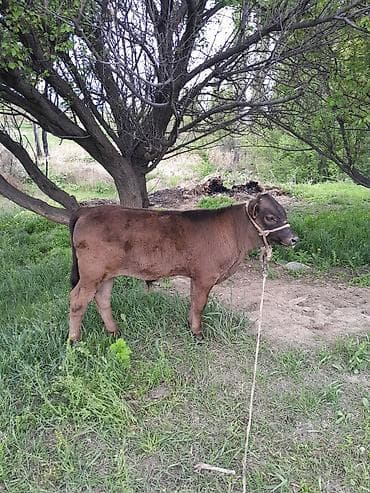 сокол птица цена: Продаю | Бык (самец) | На откорм | Привязанные — 2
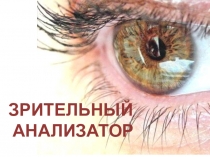 Презентация по биологии на тему Зрительный анализатор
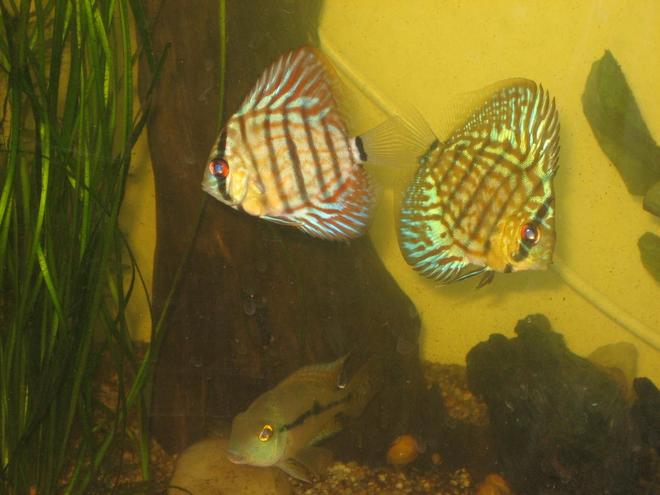 freshwater fish - symphysodon aequifasciata - green discus stocking in 400 gallons tank - Discus (Symphysodon spp.)
Nicaragua (male) Cichlid in view at bottom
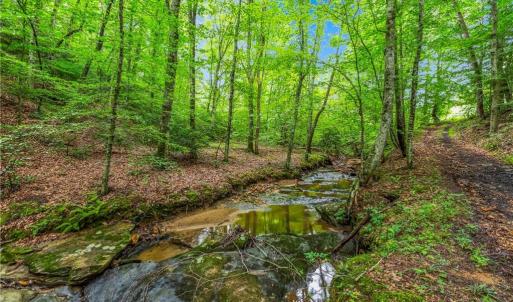 Photo #1 of 1451 John Ed Mabe, Danbury, NC 72.2 acres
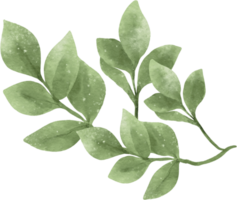 aguarela vegetação folha ilustração png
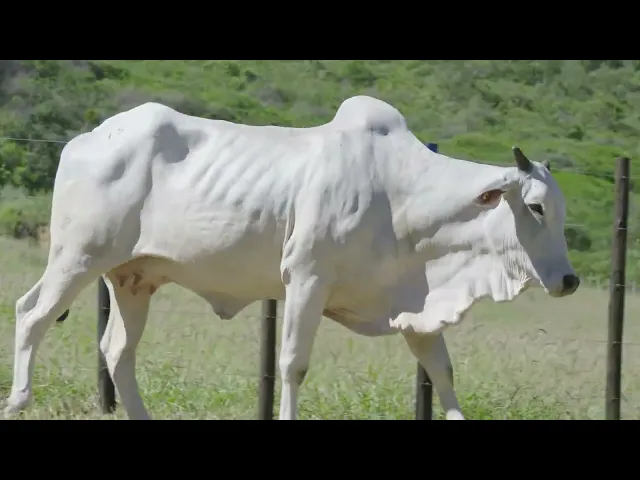 Matriz Nelore RDM - A9070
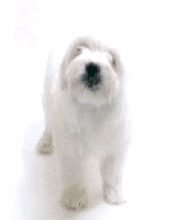li6.gif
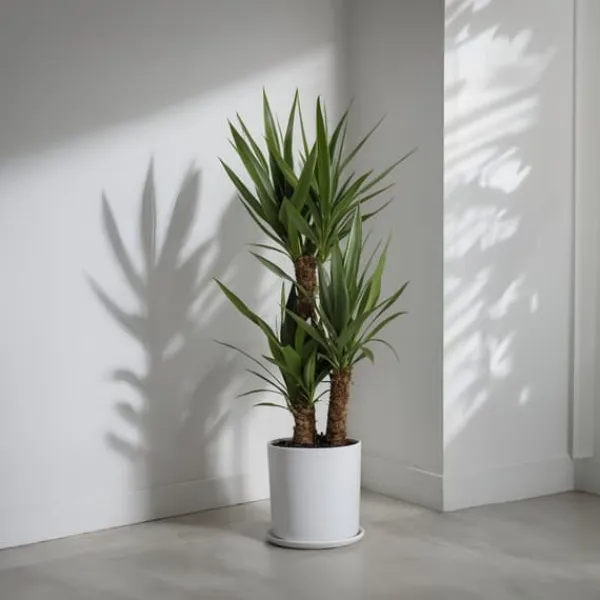 Sale Jättepalmlilja - Set om 2 - Yucca elephantipes - Höjd 70-80cm - ⌀21cm Krukväxter Inomhus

_____

REQUIREMENT: Please give back exactly the lines from the first line of the records above through the line containing "aguarela vegetação folha ilustração png", only those and both included, with the pictures removed.

RESPONSE TO THE EXERCISE:
 сокол птица цена: Продаю | Бык (самец) | На откорм | Привязанные — 2
 Презентация по биологии на тему Зрительный анализатор
 freshwater fish - symphysodon aequifasciata - green discus stocking in 400 gallons tank - Discus (Symphysodon spp.)
Nicaragua (male) Cichlid in view at bottom
 Photo #1 of 1451 John Ed Mabe, Danbury, NC 72.2 acres
 aguarela vegetação folha ilustração png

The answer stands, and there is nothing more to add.